W sprawie placu zabaw na osiedlu Kościelec w Chrzanowie interweniowaliśmy na początku marca. Chodziło o zły stan niektórych urządzeń - dziurawej trampoliny czy niedziałającej karuzeli. Wiceburmistrz Chrzanowa, Jolanta Zubik zapewniała, że zepsute sprzęty zostaną wymienione.

- Pieniądze na uzupełnienie zniszczonych elementów są zabezpieczone w budżecie. Jest kwestia zakupienia - mówiła.

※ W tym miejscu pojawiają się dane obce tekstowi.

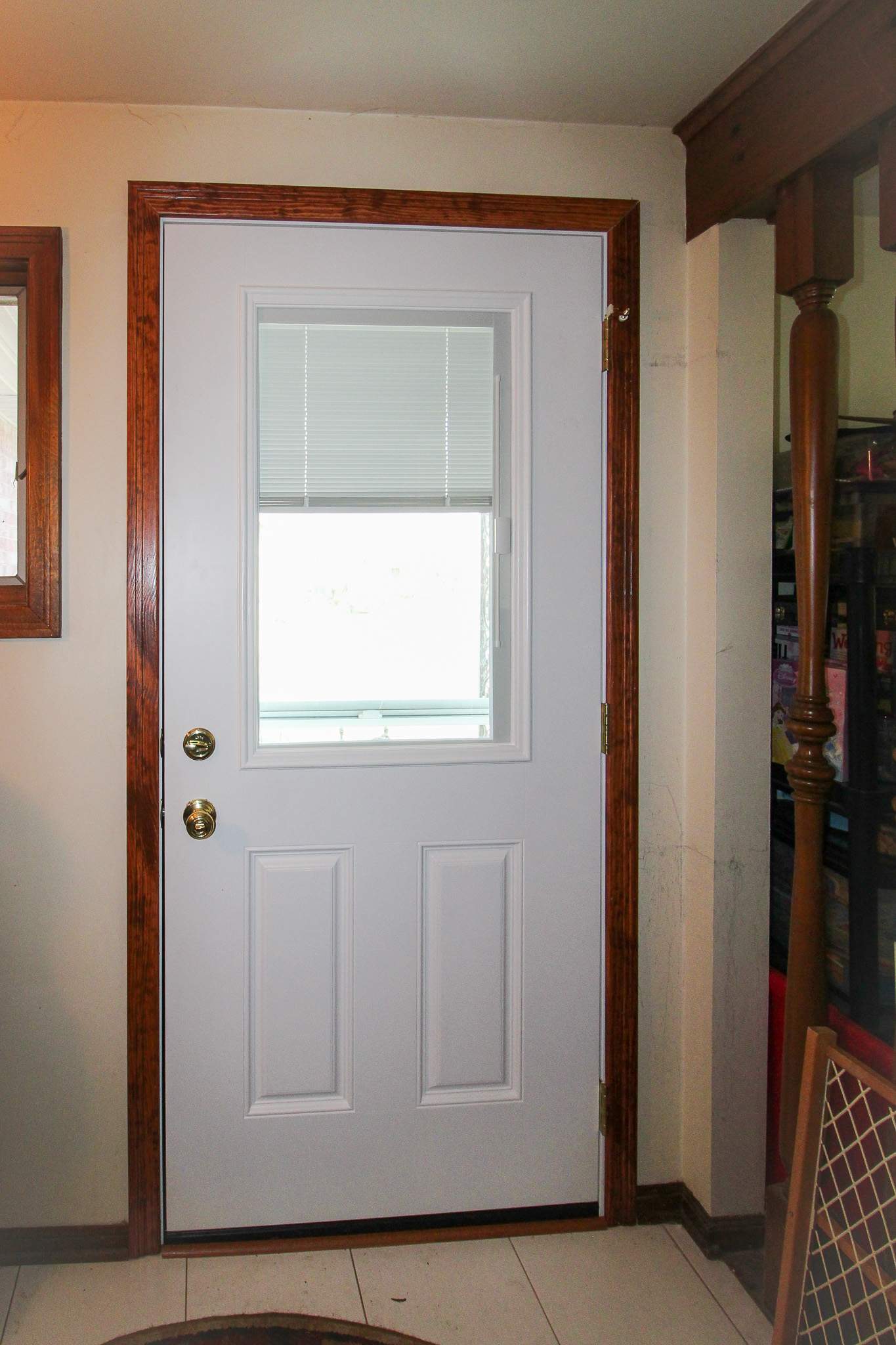 Entry Doors and Window Replacement by Ivy Lea Construction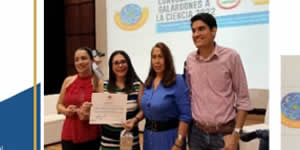 Docentes investigadores de la Zona Amazonía Orinoquía galardonados en la Semana de la Ciencia 2022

Po ponad dwóch miesiącach rodzicie i opiekunowie, którzy z dziećmi chodzą na ten plac zabaw, alarmują, że wciąż nie ma nowych urządzeń i jest tylko trawa. Boją się, że tak już zostanie.

- Chciałabym, żeby urządzenia zostały naprawione. Teraz są zasypane ziemią. Nie wiemy, czy coś na to miejsce będzie. Będą wakacje, a tu tylko jest trawa zasiana - dodają.

Rodzice i dziadkowie narzekają, że trawa przerosła już ławki i nie ma jak usiąść, a dzieci nie mogą swobodnie chodzić i biegać po placu.
Na plac zabaw weszła firma, która kosi. Myślę, że dzisiaj zostanie to dokończone - zapewnia Aneta Nowak, dyrektorka wydziału gospodarki komunalnej z Urzędu Miejskiego w Chrzanowie.

Urzędniczka tłumaczy, że powodem opóźnień w koszeniu był problem z przetargiem i wyłonieniem firmy, która ma kosić miejskie tereny. Magistrat kolejny raz zapewnia też, że w miejsce starych będą zamontowane nowe urządzenia. Pytanie tylko, kiedy?

- Niestety termin dostawy takich urządzeń to do dwóch miesięcy. Jak najbardziej takie urządzenia powinny być montowane wcześniej. Staramy się to zmienić co roku, ale różnie to wychodzi. Wiąże się to też ze sprawami finansowymi. Jesteśmy przygotowani na jakąś stawkę, potem urządzenia kosztują dużo więcej. Firmy też mają swój czas na dostawę takich urządzeń. Poślizg czasami nie jest zależny od nas, urzędników - wyjaśnia Aneta Nowak.

Dzieci z Chrzanowa szybko nie doczekają się zatem nowego sprzętu. Nie wiadomo, czy uda się go zamontować jeszcze w te wakacje.